He thinks it’s arguable that sexual molestation is less damaging to children than religious training, yet society accepts “the preposterous idea that it is normal and right to indoctrinate tiny children in the religion of their parents.”
Dawkins despises Judaism’s biblical God: “a petty, unjust, unforgiving control-freak; a vindictive, bloodthirsty ethnic cleanser; a misogynistic, homophobic, racist, infanticidal, genocidal, filicidal, pestilential, megalomaniacal, sadomasochistic, capriciously malevolent bully.”
He’s friendlier toward the teachings of Jesus – “if he existed, or whoever wrote his script if he didn’t.” However, belief that Jesus died for the sins of the world is a “repellent doctrine,” he thinks; Christians forever focus on “sin sin sin sin sin sin sin.”

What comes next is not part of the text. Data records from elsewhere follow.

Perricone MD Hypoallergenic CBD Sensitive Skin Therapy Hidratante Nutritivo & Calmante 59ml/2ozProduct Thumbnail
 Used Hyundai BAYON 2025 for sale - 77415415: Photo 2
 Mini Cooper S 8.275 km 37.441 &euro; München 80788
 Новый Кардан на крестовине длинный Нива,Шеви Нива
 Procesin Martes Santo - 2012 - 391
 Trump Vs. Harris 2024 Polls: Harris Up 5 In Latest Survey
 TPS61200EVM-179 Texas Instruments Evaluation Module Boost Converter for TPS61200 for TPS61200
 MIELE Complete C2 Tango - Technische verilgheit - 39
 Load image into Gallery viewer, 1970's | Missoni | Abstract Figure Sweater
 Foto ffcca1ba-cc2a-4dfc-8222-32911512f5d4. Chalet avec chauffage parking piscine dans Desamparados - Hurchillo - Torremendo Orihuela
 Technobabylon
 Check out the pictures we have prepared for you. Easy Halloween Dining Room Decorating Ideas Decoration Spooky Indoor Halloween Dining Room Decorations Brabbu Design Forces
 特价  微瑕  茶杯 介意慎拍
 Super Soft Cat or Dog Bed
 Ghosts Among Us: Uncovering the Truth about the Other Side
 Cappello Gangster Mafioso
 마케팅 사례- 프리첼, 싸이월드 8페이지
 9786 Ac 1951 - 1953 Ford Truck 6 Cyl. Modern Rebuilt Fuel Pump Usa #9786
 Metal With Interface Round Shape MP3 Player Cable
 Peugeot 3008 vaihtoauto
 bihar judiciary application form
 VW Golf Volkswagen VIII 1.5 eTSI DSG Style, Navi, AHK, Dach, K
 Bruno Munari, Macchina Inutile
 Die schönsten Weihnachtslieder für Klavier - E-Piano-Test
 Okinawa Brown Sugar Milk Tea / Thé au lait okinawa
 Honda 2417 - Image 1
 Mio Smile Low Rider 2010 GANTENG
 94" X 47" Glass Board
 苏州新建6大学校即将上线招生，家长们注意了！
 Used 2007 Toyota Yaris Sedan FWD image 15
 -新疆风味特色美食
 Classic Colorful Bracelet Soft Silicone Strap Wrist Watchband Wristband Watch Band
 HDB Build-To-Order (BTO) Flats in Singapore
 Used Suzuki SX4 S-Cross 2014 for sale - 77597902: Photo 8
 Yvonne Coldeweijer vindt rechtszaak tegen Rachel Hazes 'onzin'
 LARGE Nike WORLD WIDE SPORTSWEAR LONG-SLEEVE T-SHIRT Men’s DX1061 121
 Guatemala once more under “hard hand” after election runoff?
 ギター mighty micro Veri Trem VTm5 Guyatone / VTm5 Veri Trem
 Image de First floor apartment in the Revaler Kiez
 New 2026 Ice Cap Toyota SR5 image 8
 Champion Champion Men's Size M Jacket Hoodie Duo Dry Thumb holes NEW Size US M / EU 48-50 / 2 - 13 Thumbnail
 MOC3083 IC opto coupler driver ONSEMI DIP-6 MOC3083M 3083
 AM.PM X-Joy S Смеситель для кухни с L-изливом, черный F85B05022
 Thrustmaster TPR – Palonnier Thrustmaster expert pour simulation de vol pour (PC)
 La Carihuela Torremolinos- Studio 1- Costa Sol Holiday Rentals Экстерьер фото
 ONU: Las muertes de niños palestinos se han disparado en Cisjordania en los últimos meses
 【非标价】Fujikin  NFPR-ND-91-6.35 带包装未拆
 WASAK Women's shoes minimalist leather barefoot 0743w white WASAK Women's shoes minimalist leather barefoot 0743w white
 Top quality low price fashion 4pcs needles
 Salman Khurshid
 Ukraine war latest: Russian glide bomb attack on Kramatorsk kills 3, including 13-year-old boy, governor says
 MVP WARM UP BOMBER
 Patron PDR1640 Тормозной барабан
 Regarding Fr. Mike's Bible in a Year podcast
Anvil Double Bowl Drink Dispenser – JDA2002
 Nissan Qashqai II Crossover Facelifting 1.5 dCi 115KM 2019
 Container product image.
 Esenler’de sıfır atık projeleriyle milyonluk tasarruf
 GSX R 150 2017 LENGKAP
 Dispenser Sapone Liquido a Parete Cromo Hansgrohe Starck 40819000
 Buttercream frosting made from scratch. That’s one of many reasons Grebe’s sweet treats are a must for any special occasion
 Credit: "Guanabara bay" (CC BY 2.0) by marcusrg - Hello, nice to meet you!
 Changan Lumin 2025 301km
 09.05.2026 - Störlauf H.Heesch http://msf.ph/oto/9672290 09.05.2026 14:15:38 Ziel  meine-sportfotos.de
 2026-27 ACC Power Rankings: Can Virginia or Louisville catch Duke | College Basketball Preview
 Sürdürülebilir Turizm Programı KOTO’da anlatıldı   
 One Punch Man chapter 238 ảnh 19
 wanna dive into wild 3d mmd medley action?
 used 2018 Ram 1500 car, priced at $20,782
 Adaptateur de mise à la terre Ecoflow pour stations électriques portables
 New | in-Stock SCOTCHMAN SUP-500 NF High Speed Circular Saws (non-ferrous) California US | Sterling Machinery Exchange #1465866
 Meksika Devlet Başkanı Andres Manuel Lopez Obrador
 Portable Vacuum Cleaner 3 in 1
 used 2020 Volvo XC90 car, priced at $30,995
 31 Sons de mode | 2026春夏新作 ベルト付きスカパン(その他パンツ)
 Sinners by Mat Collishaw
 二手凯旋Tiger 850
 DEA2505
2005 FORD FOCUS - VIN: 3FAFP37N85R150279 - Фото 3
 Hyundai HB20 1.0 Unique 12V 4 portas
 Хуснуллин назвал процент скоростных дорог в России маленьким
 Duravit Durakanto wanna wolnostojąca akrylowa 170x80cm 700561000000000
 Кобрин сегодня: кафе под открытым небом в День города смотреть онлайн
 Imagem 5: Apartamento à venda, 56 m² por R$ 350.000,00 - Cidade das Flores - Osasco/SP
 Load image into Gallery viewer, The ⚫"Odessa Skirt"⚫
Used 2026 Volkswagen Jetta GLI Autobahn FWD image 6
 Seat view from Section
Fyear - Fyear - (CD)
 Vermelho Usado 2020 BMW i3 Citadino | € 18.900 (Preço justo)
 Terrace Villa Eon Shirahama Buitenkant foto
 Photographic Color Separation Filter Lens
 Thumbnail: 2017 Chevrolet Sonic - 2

So Dawkins preaches in “The God Delusion” (Houghton Mifflin), which has its moments but counts as a disappointment. A carefully wrought atheistic manifesto for popular audiences would be worthwhile, but Dawkins’ effort is marred by omissions, fluffs, fuzzy generalizations and snarky asides.
Dawkins could have seriously explored the thinking of atheists such as the late J.L. Mackie or William Rowe and of God-defenders including Oxford University colleagues Robert M. Adams, Richard Swinburne and former atheist Alister McGrath; or the titan of theism, America’s Alvin Plantinga.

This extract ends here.